Captioned web image data:
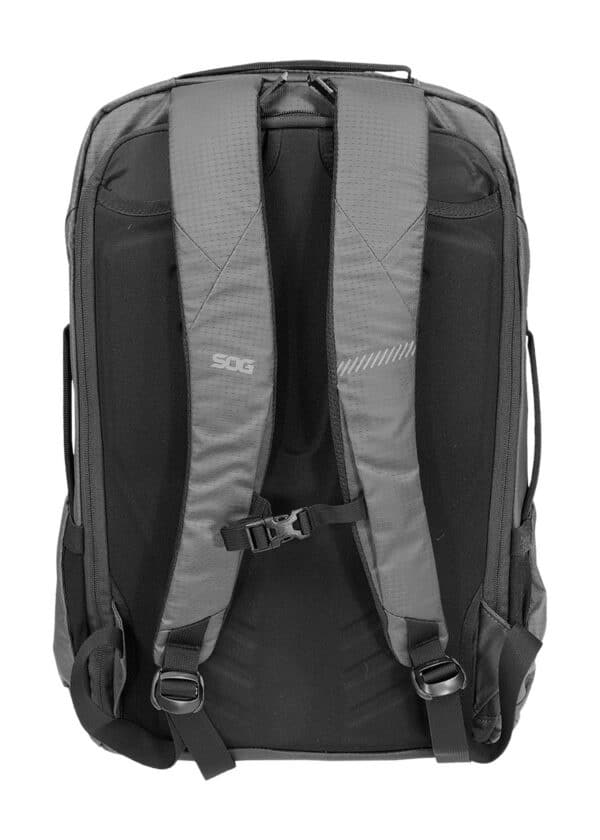Surrept 36 CS Travel Pack, Charcoal, SOG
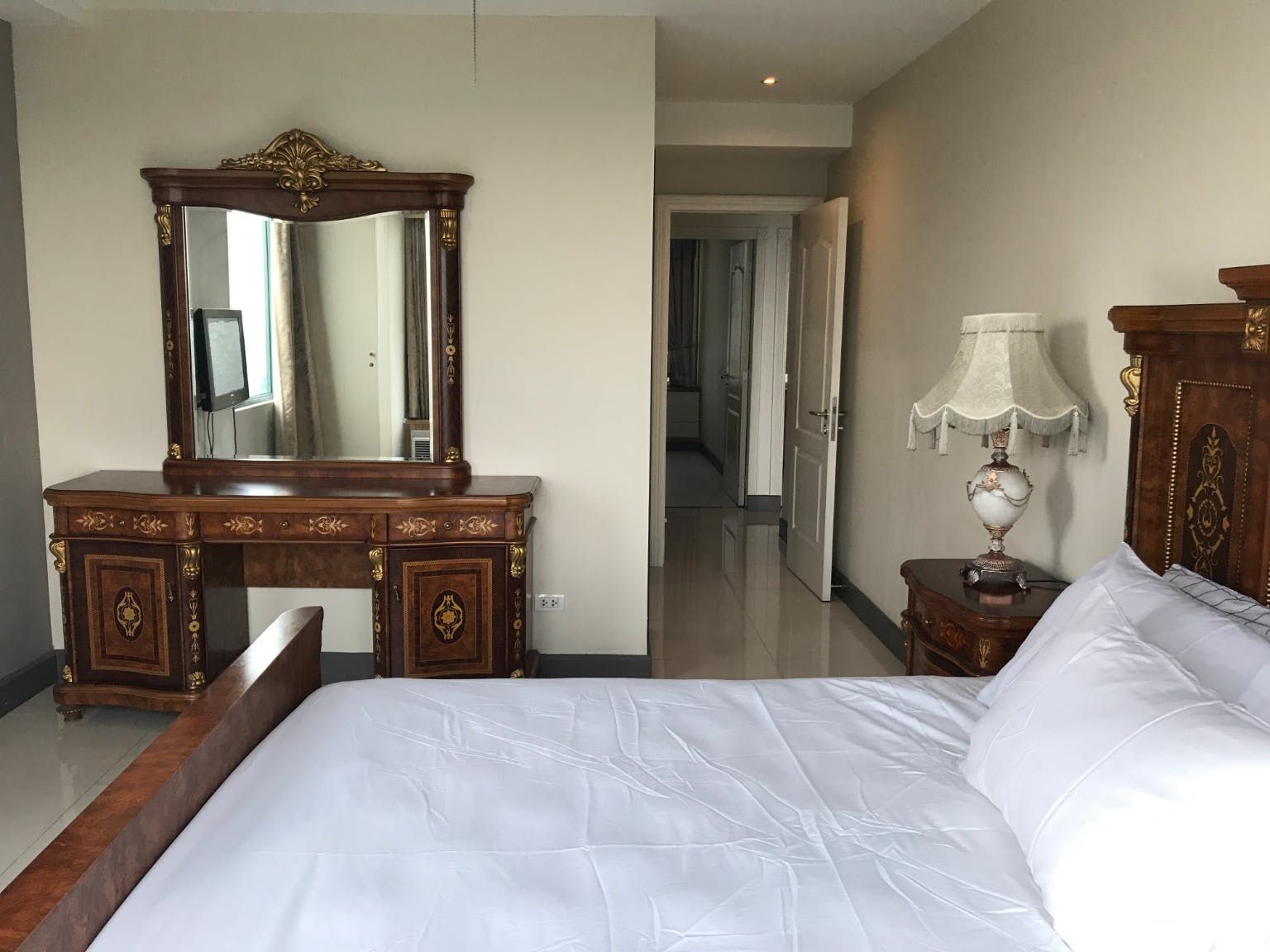 "3BR Condo for Rent in Bellagio I, BGC - Bonifacio Global City, Taguig"04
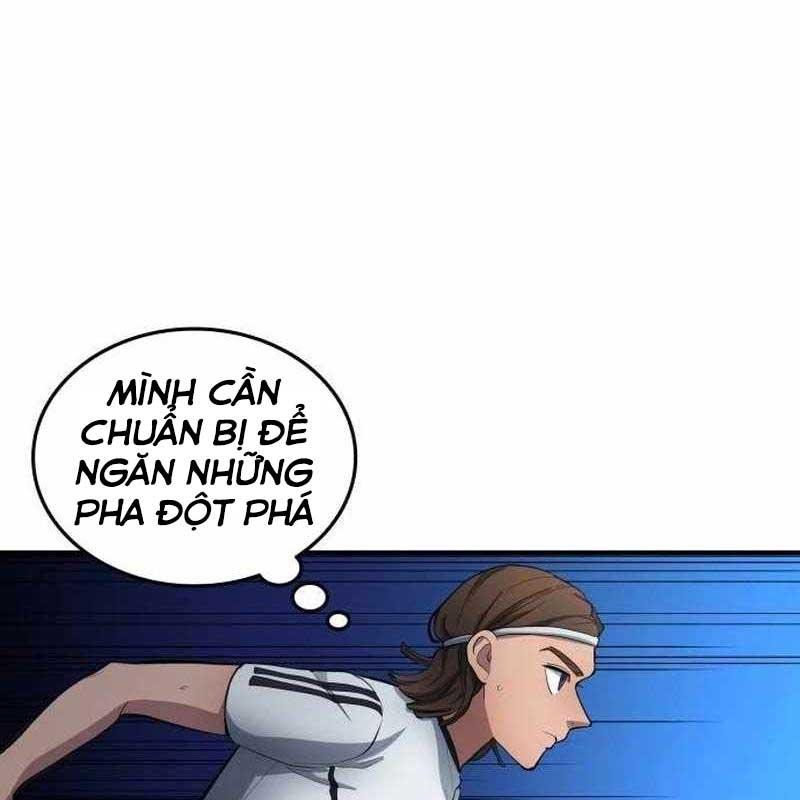 Thiên Phú Bóng Đá Tất Cả Là Của Ta - Page 29
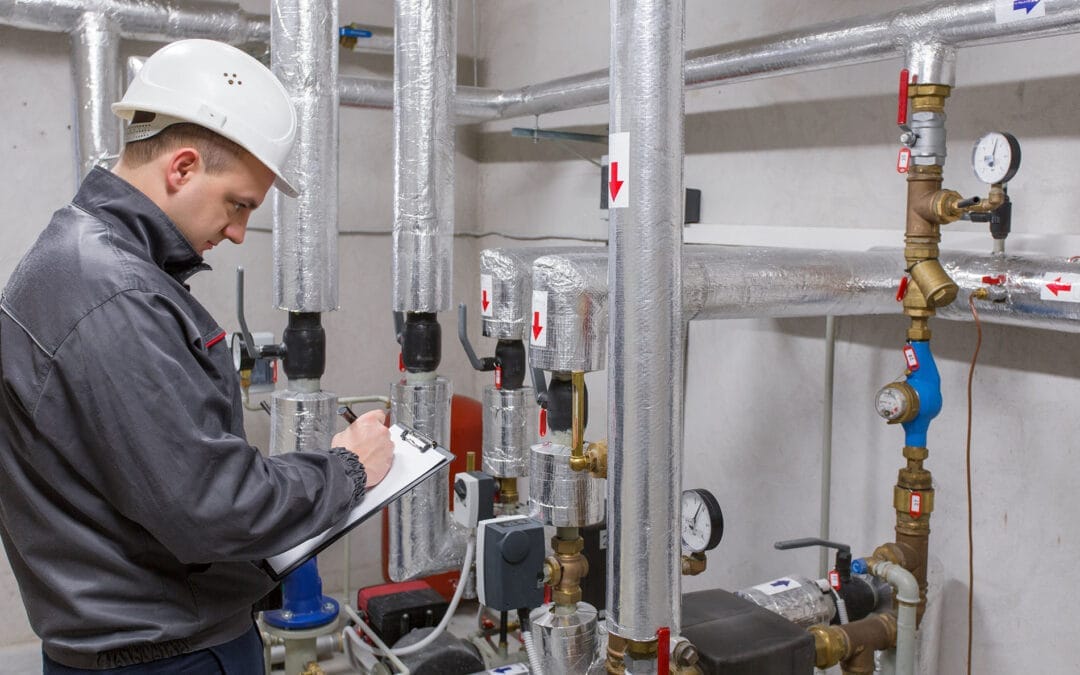 Getting an Energy Audit: What You Need to Know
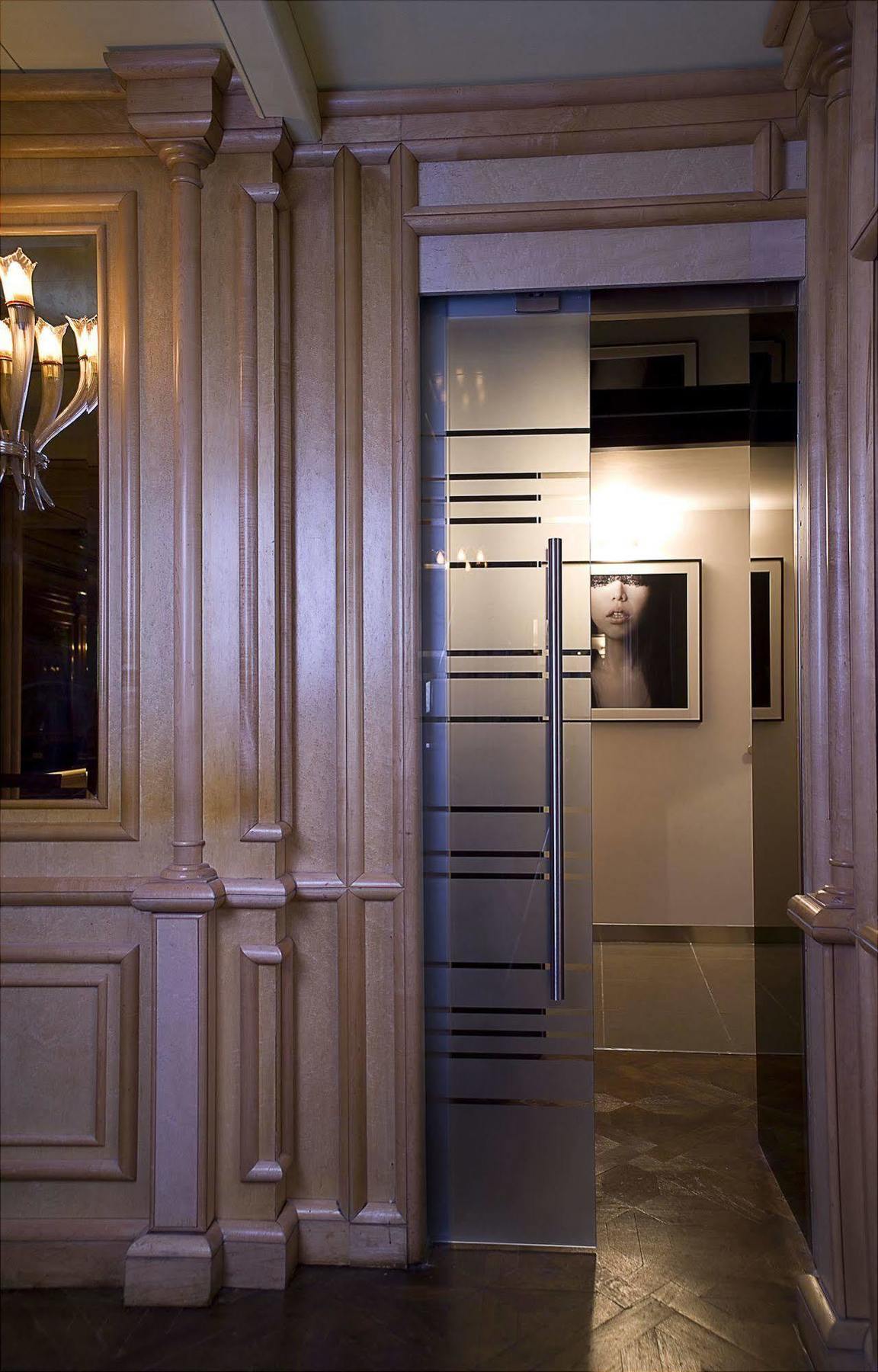 Suite Valadier Roma Dış mekan fotoğraf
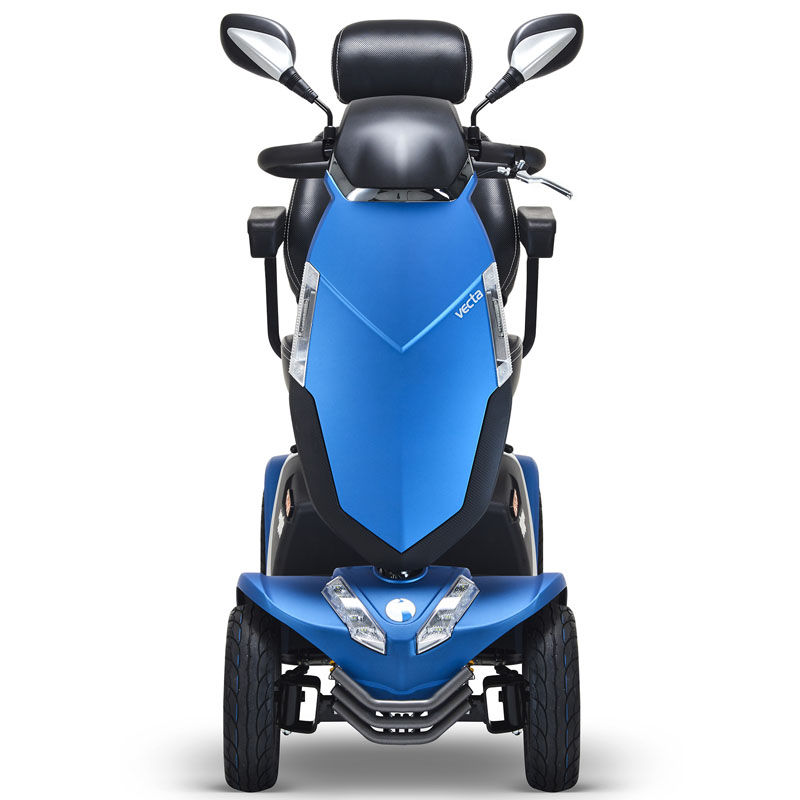 Scooter Minusválidos Estilo innovador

# Work instruction
Drop the images and quote the entries word for word.

# Finished task
Surrept 36 CS Travel Pack, Charcoal, SOG
 "3BR Condo for Rent in Bellagio I, BGC - Bonifacio Global City, Taguig"04
 Thiên Phú Bóng Đá Tất Cả Là Của Ta - Page 29
 Getting an Energy Audit: What You Need to Know
 Suite Valadier Roma Dış mekan fotoğraf
 Scooter Minusválidos Estilo innovador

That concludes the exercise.